Ara vermeden oynanan 76 dakikalık performans, Ophelia’nın ırmakta boğularak öldüğünü / intihar ettiğini devamlı anımsatırcasına sular içinde bir gösteri. Su dolu kaseler, sürahiler, bardaklar, hepsi cam, hepsi şeffaf. Kadınların tüm giysileri beyaz; sadece Hamlet’i /ölümü simgeleyen ceket siyah. Üç oyuncu hem replikleri hem beden dilleriyle müthiş başarılılar. Ancak gösteride iki önemli handikap var. Birincisi, İngilizce oynanan oyunun altyazısının da İngilizce olması. Tüm festivallere yönelik yapımlar gibi görselliğin çoğu zaman öne çıkması bunu bir nebze olsun azaltsa da, İngilizce bilmeyen için anlaşılması kimi zaman epey zorlayıcı oluyor. İkinci handikap ise, bazen fazla dağılan, kimi zaman da sarkmaya eğilimli metin, sık sık soyutlaşan yapısıyla İngilizceyi iyi bilenleri bile zorlayabiliyor.
Yine de, aykırı ve ilginç bir çalışma. Kesinlikle izlenmeye değer.
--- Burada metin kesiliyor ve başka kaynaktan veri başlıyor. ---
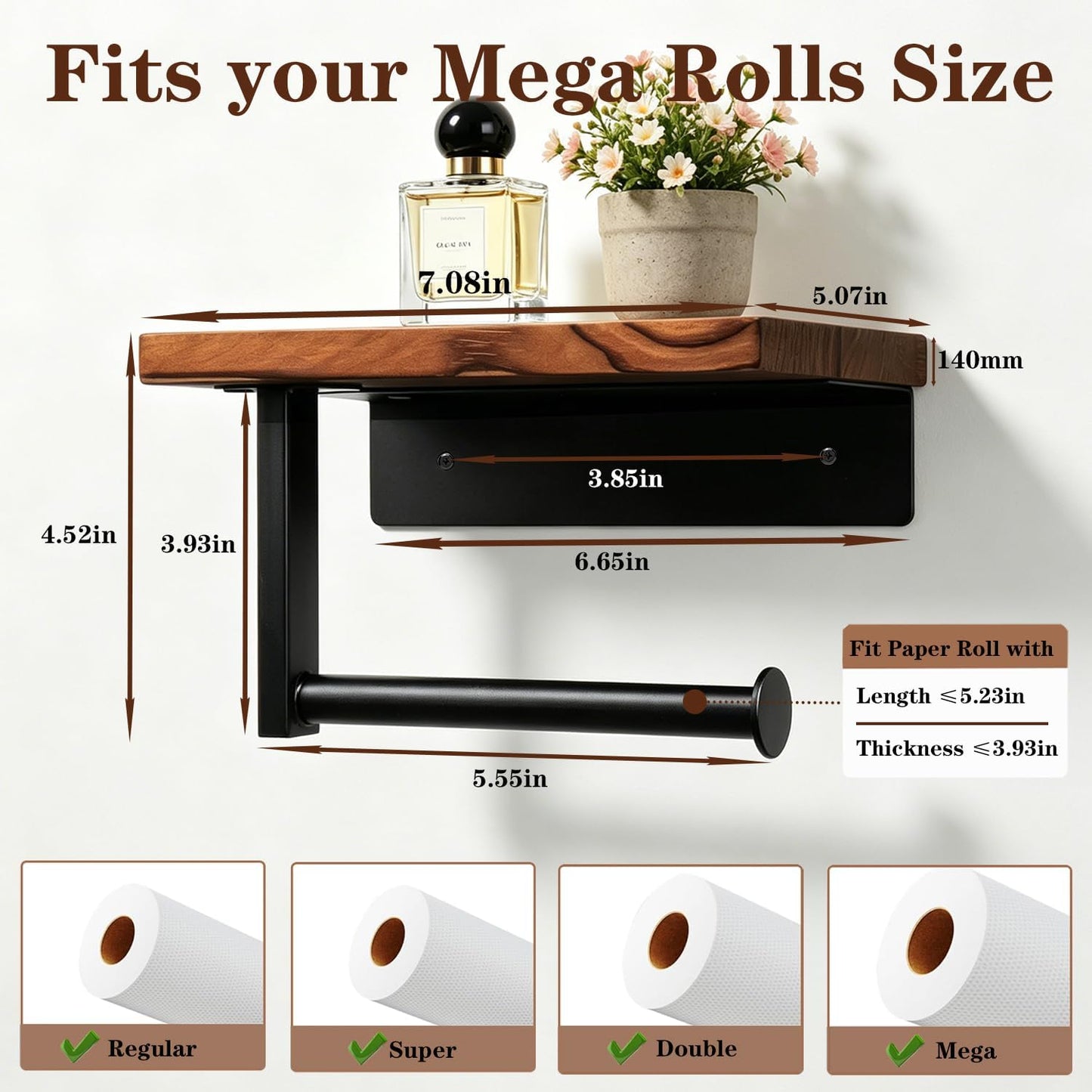 Toilet Paper Holder with Shelf, Thicken Metal Wall Mounted Toilet Roll Holders for Bathroom Washroom, Modern Toilet Tissue Holder Rustproof Paper Towel Storage Bathroom Decor (Black)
ÖNEMLİ NOT: Istanbul Fringe Festival III’de yer alan tüm çevrimiçi gösterilere Mobilet üzerinden kombine bilet almak mümkün. Alınan bilet 26 Eylül gece yarısına kadar bütün seriyi izleme olanağı sağlıyor. Kombine Bilet için mevcut üç ayrı fiyat seçeneği sizi yanıltmasın. Hepsinde aynı sayıda gösteri, aynı kalitede izlenebiliyor. Yüksek ücretli seçenekler salgın döneminde pek çok tiyatronun yaptığı gibi maddi destek amaçlı.